By Yvonne Abraham
See original post here.
A new documentary featuring a guaranteed basic income experiment in Cambridge shows the good that comes from giving low-income families a little extra help each month.
Look to the cities. That’s where hope lives these days.
Nihilist Republicans in Washington, D.C., are determined to drive this country into a ditch; their obstructionism all but guaranteeing a government shutdown come Sunday.
In addition to holding aid for Ukraine and disaster relief hostage, GOP holdouts are now demanding massive cuts to federal programs on which millions depend: Let them slash funding for disadvantaged schools, housing subsidies for poor people, nutrition assistance for young children, and home heating assistance for low-income families and maybe, just maybe, they’ll agree to fund the government.
No way that gets past the Senate, but it certainly makes the priorities of the House GOP clear, as if they weren’t already. If a shutdown drags on, millions will be hurt. Those who hurt most will be more numerous in cities, where the effects of callous public policy are always more concentrated.
But a lot of those cities are also the antidote for the cruelty and dysfunction that now defines Speaker Kevin McCarthy’s House. Because local government is where real innovation and transformation can happen. While Republicans are conjuring ever more awful ways to make low-income folks suffer, Mayors like Sumbul Siddiqui of Cambridge are restoring their dignity.

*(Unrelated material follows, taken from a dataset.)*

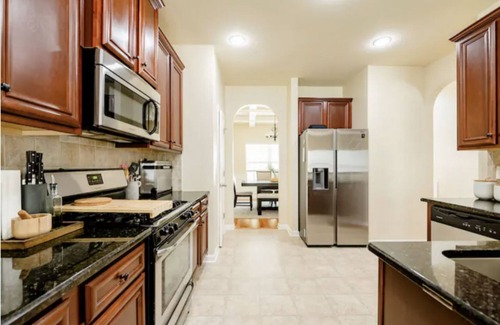Phenix City House | 5 mins to Downtown Columbus & 20 to Fort Moore - Private Bathroom and Bedroom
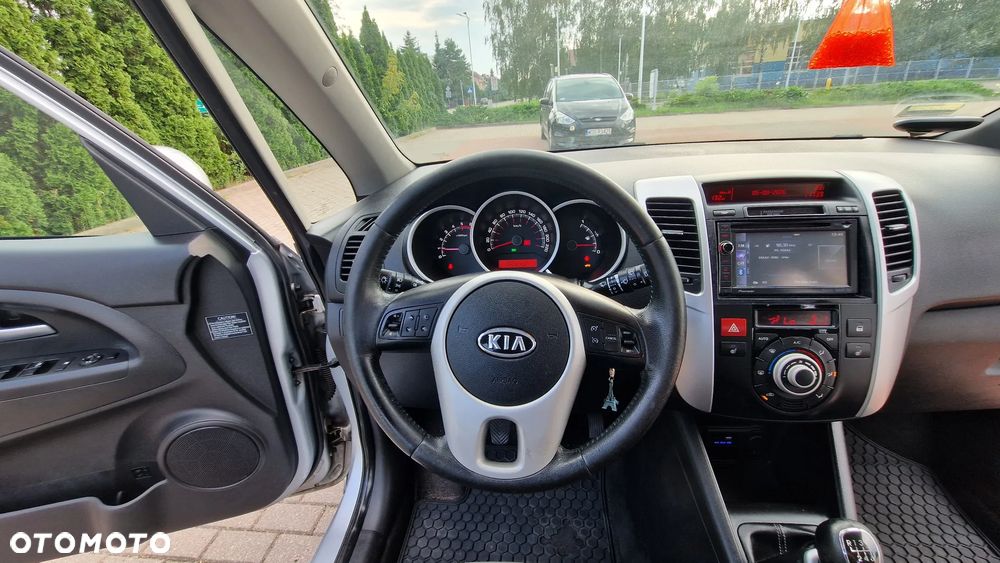 Kia Venga 1.6 CRDi 128 Business Line - 16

In Cambridge, and in dozens of places across the country, local governments are giving their unluckiest residents a guaranteed income — payments of between $200 and $1,000 per month to help them pay rent, put food on the table, gas up their cars, get an education, or do whatever elsewill relieve them of some of the impossible choices they must make every day.
“If we lift up from the bottom, the whole community will benefit,” Siddiqui said.
In her city, 1922 families — 6,450 residents — are part of Rise Up Cambridge, a $22 million initiative that gives each family $500 per month for 18 months, no strings attached. To qualify, households must have children under 21 and earn less than 250 percent of the federal poverty level — so, about $75,000 for a family of four.
The initiative will be accompanied by a study that will show where residents spent their payments, and how it affected their families’ health and well-being. But we already know from authoritative studies that if you give low-income people money, they use it responsibly.
Recipients across the country, and in pilots in Massachusetts (There have been similar initiatives in Chelsea and among the families who send their kids to Camp Harbor View each summer), say the payments take some of the pressure off, allowing them to be more present for their kids, to pursue careers, further their educations, and build savings.
“People use this money to stabilize and to try to get ahead,” Siddiqui said. “We make it so difficult in our country to escape poverty; there are so many hoops and hurdles. Spending time with your family shouldn’t just be a privilege of the wealthy.”
The mayor, 35, knows whereof she speaks. Her parents emigrated from Pakistan when she was 2 and settled in Cambridge. Even though they worked hard — and are still working hard, into their 70s — they needed help. Siddiqui grew up in low-income housing in North Cambridge, and her parents still live in Roosevelt Towers, in East Cambridge. Her mother is a cashier at a supermarket, and her father is a shipping clerk at a department store. Their daughter attended Brown University, then Northwestern School of Law.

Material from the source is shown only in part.